• [EXERCISE REQUIREMENTS]:
Your answer must be the lines from the one containing "Vintage Round Black" through the last line below, copied exactly, with no pictures.

[Short web captions]
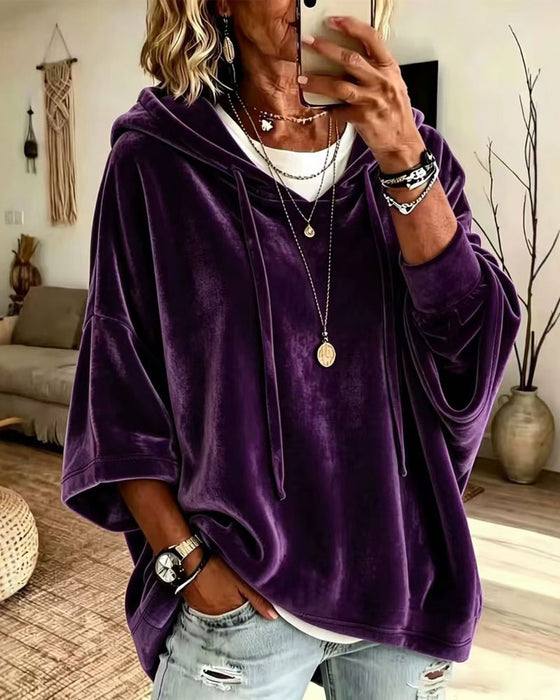 Sweatshirt 3/4-Mouw Fluweel Capuchon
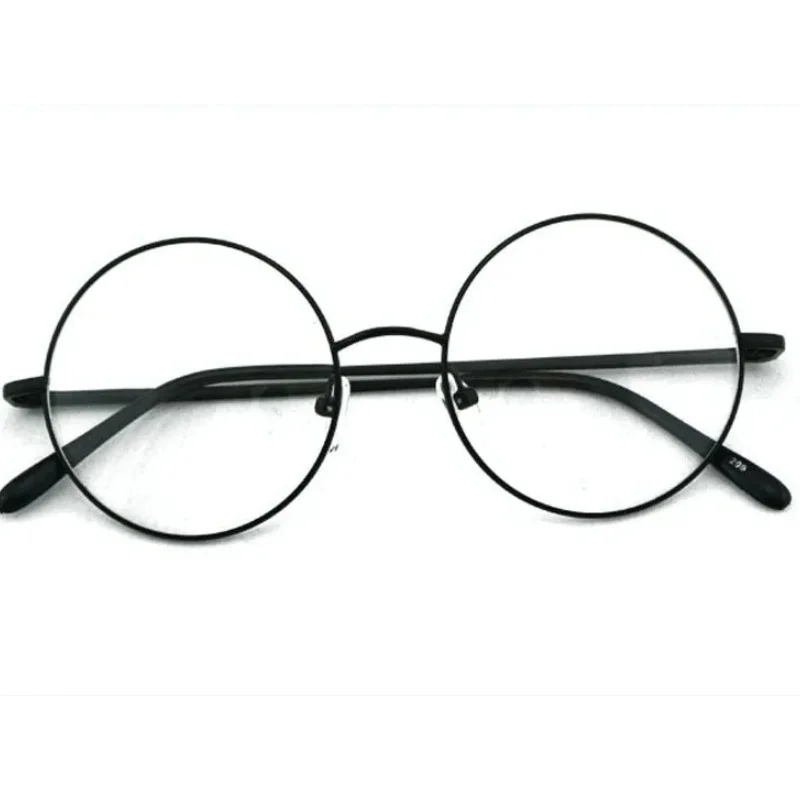 

Vintage Round Black 50mm Spring Hinges Metal Eyeglass Frames Full Rim myopia Glasses -125 -250 -300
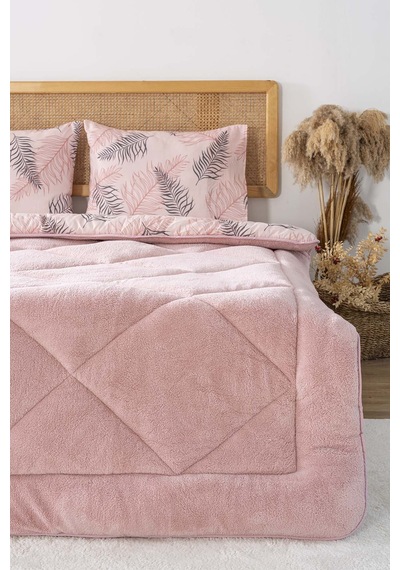 Rivaistanbul Pudra Yaprak Loura Çift Kişilik Çift Taraflı Lüx Wellsoft Yorgan Seti 195x215 Cm Pudra Pembe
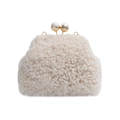 Cremeweiße Plüsch-Handtasche mit goldener Metall-Hardware und großen Perlenverschlüssen - Gebrochenes Weiß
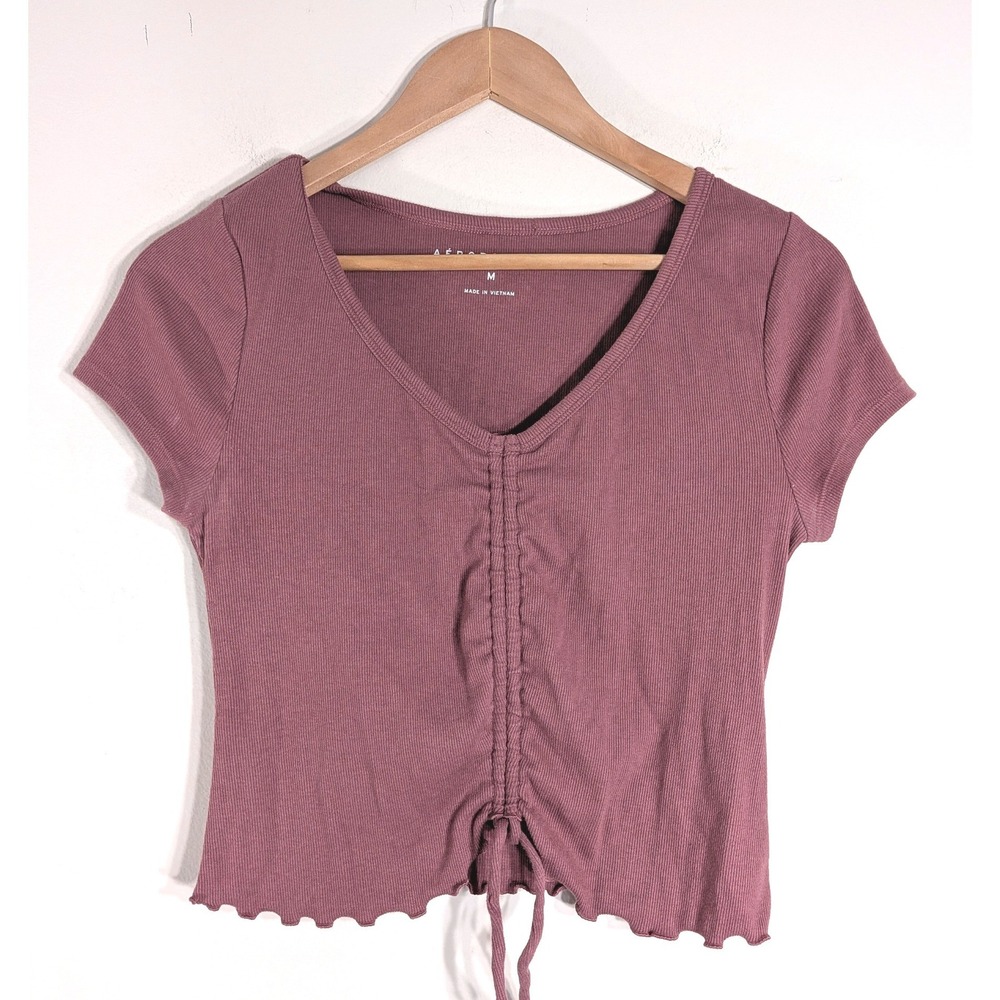 Aeropostale Mauve Ribbed Baby Tee Top; Cinched Front Lettuce Trim Short Sleeve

• [EXERCISE RESPONSE]:
Vintage Round Black 50mm Spring Hinges Metal Eyeglass Frames Full Rim myopia Glasses -125 -250 -300
 Rivaistanbul Pudra Yaprak Loura Çift Kişilik Çift Taraflı Lüx Wellsoft Yorgan Seti 195x215 Cm Pudra Pembe
 Cremeweiße Plüsch-Handtasche mit goldener Metall-Hardware und großen Perlenverschlüssen - Gebrochenes Weiß
 Aeropostale Mauve Ribbed Baby Tee Top; Cinched Front Lettuce Trim Short Sleeve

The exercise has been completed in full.